Friday, October 18, 2019

Utopian Necessity



 “A map of the world that does not include Utopia is not worth even glancing at, for it leaves out the one country at which Humanity is always landing. And when Humanity lands there, it looks out, and seeing a better country, sets sail. Progress is the realization of utopias.”
~Oscar Wilde

At this time, when we are going backwards, and the wolves at the door have formed packs and coalitions behind common banner. When when the wolf pack would seem to be in ascendancy, we need to think about utopia more than ever.

As we dare to imagine the future, we do so with a peculiar habit:
we cautiously ask ourselves what the future will be like on the basis of current trends;
we seldom ask the one big philosophically-minded question...
What should the future be like?

We proceed,  viewing the future as something to be deduced,
rather than bolder and more direct thinking.
We must learn to view the future as something to be imagined – and thereby at least in part, summoned into being.

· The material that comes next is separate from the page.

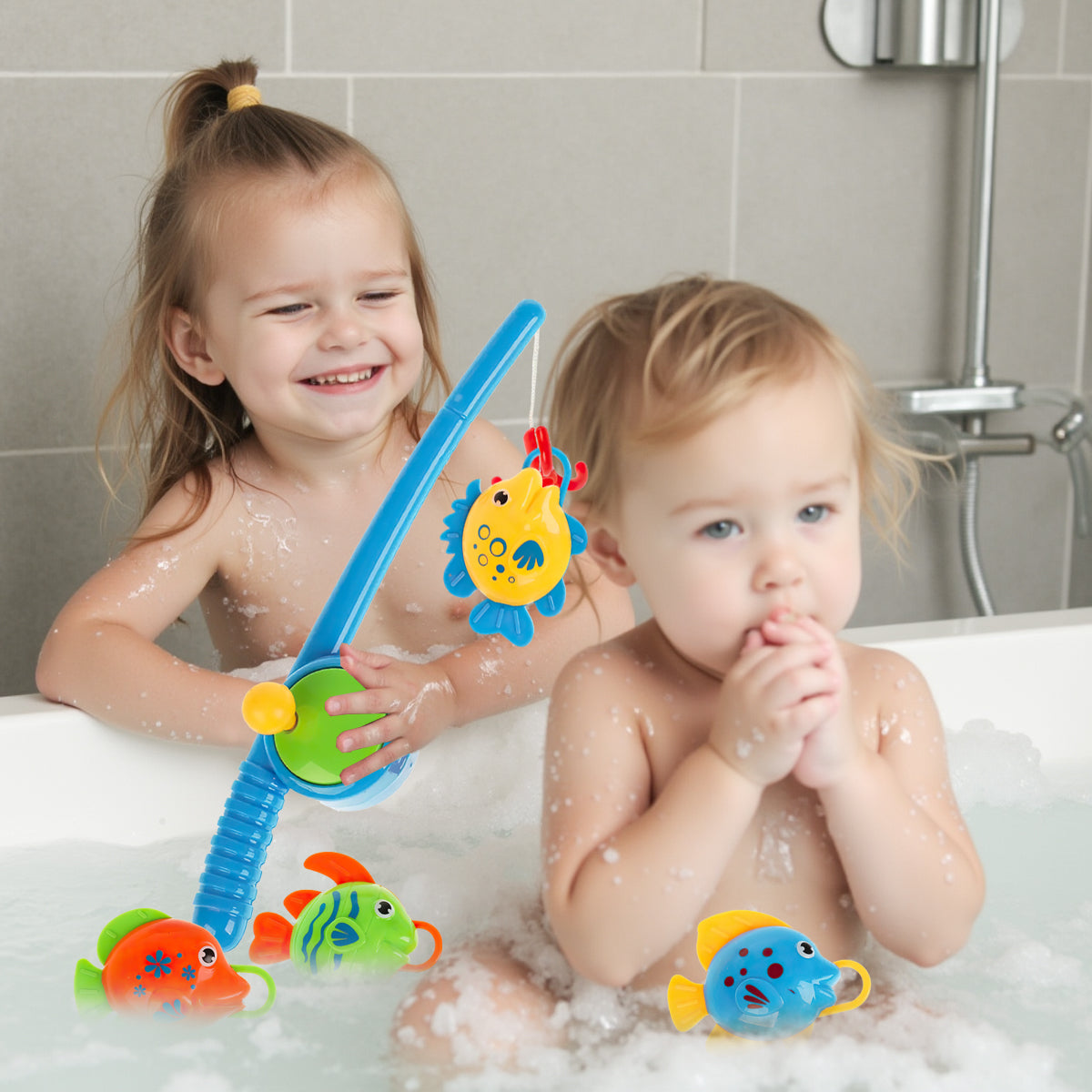 Bath Time Bathtub Fishing Toys for Children, Baby Bath Swimming Pool Fishing Toys for Baby Kids, Bathpool Fishing Toys for Water Tables with Fishing Net, Summer Pool Games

To think in a Utopian way is a prime political act. It involves a refusal to be limited by our current obsession with the boundaries of here and now in order to focus on the world as it could and should be in order to maximize the flourishing and minimize the suffering of  humanity.

George Orwell was a Utopian thinker, he never meant for his writing to be a "road map", but rather a warning. The trouble with our current world is actually quite simple. We are bombarded every moment of every day with messages that proclaim the future will not be good and we must just learn to live with that. There is nothing we can do, so just accept defeat.
This is not so.
There are solutions to every problem.
No jigsaw puzzle is "impossible" to assemble.
The future is bleak only if we accept a bleak future.

What we need is to imagine the world as we would have it.
Imagine the world as a just place, a free place.
A world where the technology we have already developed to terraform Mars is applied in reverse (instead of creating greenhouse gases, we remove them) to bring our greenhouse gas levels back down to what they were before the industrial revolution.
(For instance).

The bottom line is that we all have a utopian side to our brains,
which we are normally careful to disguise, for fear of humiliation.
Yet, our visions are what carve out the space in which later patient and real development can occur!


We must all be committed to Utopian Thinking and the envisaging of the world as it should be.